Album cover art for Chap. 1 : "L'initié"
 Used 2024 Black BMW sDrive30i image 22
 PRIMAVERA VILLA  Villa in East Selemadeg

⁂

Having read the material, return all of it word for word.

Album cover art for Chap. 1 : "L'initié"
 Used 2024 Black BMW sDrive30i image 22
 PRIMAVERA VILLA  Villa in East Selemadeg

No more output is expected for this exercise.